To investigate the mechanism by which autophagy regulates ferroptosis under PS-MPs stimulation, the role of PS-MPs-induced autophagy in the expression of cellular iron content was explored. The augmented iron content induced by PS-MPs was obviously decreased by CQ treatment (Figure 7G). The cellular free iron concentration is closely involved in the regulation of ferroptosis, and it is mainly controlled by ferritin. NCOA4 (nuclear receptor coactivator 4) is an autophagy cargo receptor that mediates the autophagic degradation of ferritin. Therefore, the expressions of ferritin and NCOA4 were measured. As shown in Figure 7H–J, the inhibition of ferritin protein and the augmentation of NCOA4 protein by PS-MPs were reversed by CQ. The above results indicate that iron homeostasis is regulated by autophagy to trigger ferroptosis in PS-MPs-exposed pDHBE. To distinguish macroautophagy, mitophagy and ferritinophagy, the presences of protein colocalization were detected by immunofluorescence assay, and the results indicated that NCOA4, but not mitochondrial marker TOMM20 or ferritin, were co-localized with the autophagy marker in pDHBE with PS-MP stimulation (Figure 7K-M). Then the results of co-immunoprecipitation proved that there were enhanced protein-protein interactions between NCOA4 and ferritin, LC3B in pDHBE with PS-MP stimulation (Figure 7N).

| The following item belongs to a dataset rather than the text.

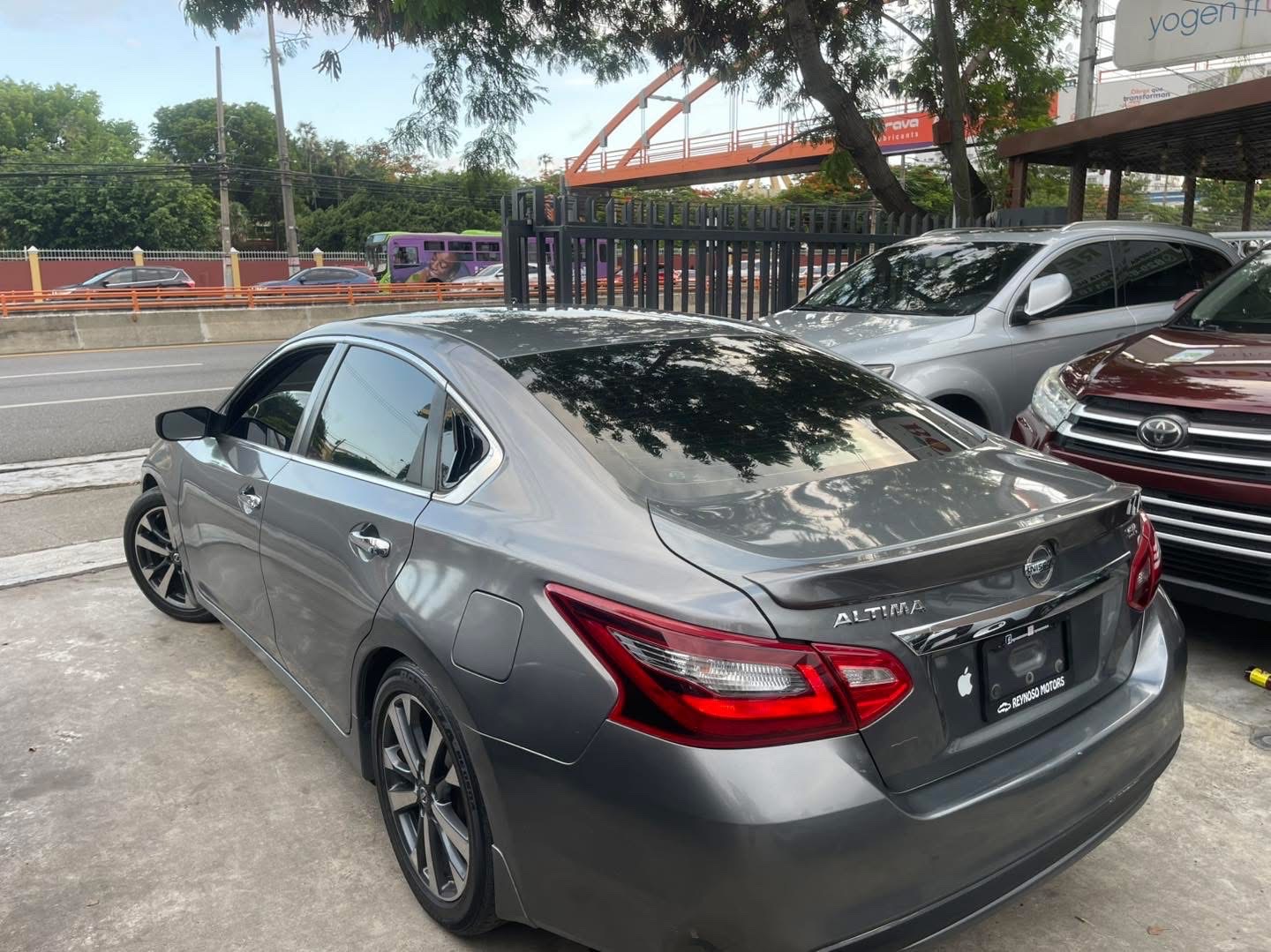 carros - NISSAN ALTIMA SR 2017 4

And there was reduction of the half-life of ferritin and increased levels of iron release induced by PS-MP in pDHBE (Figure 7O-P), suggesting that the degradation efficiency of ferritin increases. Further the stable knockdown of NCOA4 or overexpression of FTH1 were successfully constructed in pDHBE cells (Figure S4). And when pDHBE cells with NCOA4 knockdown are established, ferroptosis induced by MPs was alleviated to a certain extent including changes of key ferroptosis proteins and indicators for lipid peroxidation (Figure 8A,C-J). While FTH1 is overexpressed in pDHBE cells, the protein expression of NCOA4 was increased, and level of ferroptosis increased correspondingly resulting from significantly increased levels of ferritin degradation and iron release (Figure 8B,K-R). Together, these results concluded that ferritinophagy occupies a dominant role in the mechanism of PS-MP-induced- ferroptosis in pDHBE cells, which is mediated by the receptor NCOA4 that specifically bound and marked ferritin as autophagic cargo, and leads increased level of degradation of ferritin and iron release to induce ferroptosis.

Figure 8.

The stable knockdown of NCOA4 or overexpression of FTH1 regulated cellular ferroptosis and iron release in pDHBE cells with PS-MPs stimulation. The pDHBE cells with NCOA4 knockdown or FTH1 overexpression were established. (A) The protein expression levels of ACSL4, NCOA4, ferritin, GPX4 and LC3-II:I in shRNA-nc- or shNCOA4-pDHBE cells after 200 μg/ml PS-MPs exposure were measured by western blotting. (B) The protein expression levels of ACSL4, NCOA4, ferritin, GPX4 and LC3-II:I in OE-NC- or FTH1-pDHBE cells after 200 μg/ml PS-MPs exposure were measured by western blotting. (C) The protein expressions of GPX4 normalized to ACTB/β-actin in shRNA-nc- or NCOA4-pDHBE cells. (D) The protein expressions of NCOA4 normalized to ACTB/β-actin in shRNA-nc- or NCOA4-pDHBE cells. (E) The protein expressions of LC3-II:I in shRNA-nc- or NCOA4-pDHBE cells. (F) The protein expressions of ferritin normalized to ACTB/β-actin in shRNA-nc- or NCOA4-pDHBE cells. (G) The protein expressions of ACLS4 normalized to ACTB/β-actin in shRNA-nc- or NCOA4-pDHBE cells. The levels of MDA (H), GSH (I) and iron content (J) in the cell lysis buffer of shRNA-nc- or NCOA4-pDHBE cells after 200 μg/ml PS-MPs exposure were shown. (K) Tthe protein expressions of GPX4 normalized to ACTB/β-actin in OE-NC- or FTH1-pDHBE cells. (L) The protein expressions of NCOA4 normalized to ACTB/β-actin in OE-NC- or FTH1-pDHBE cells. (M) The protein expressions of LC3-II:I in OE-NC- or FTH1-pDHBE cells. (N) the protein expressions of ferritin normalized to ACTB/β-actin in OE-NC- or FTH1-pDHBE cells. (O) the protein expressions of ACLS4 normalized to ACTB/β-actin in OE-NC- or FTH1-pDHBE cells. The levels of MDA (P), GSH (Q) and iron content (R) in the cell lysis buffer of OE-NC- or FTH1-pDHBE cells after 200 μg/ml PS-MPs exposure were shown. *p < 0.05, **p < 0.01, ***p < 0.001, ****p < 0.0001.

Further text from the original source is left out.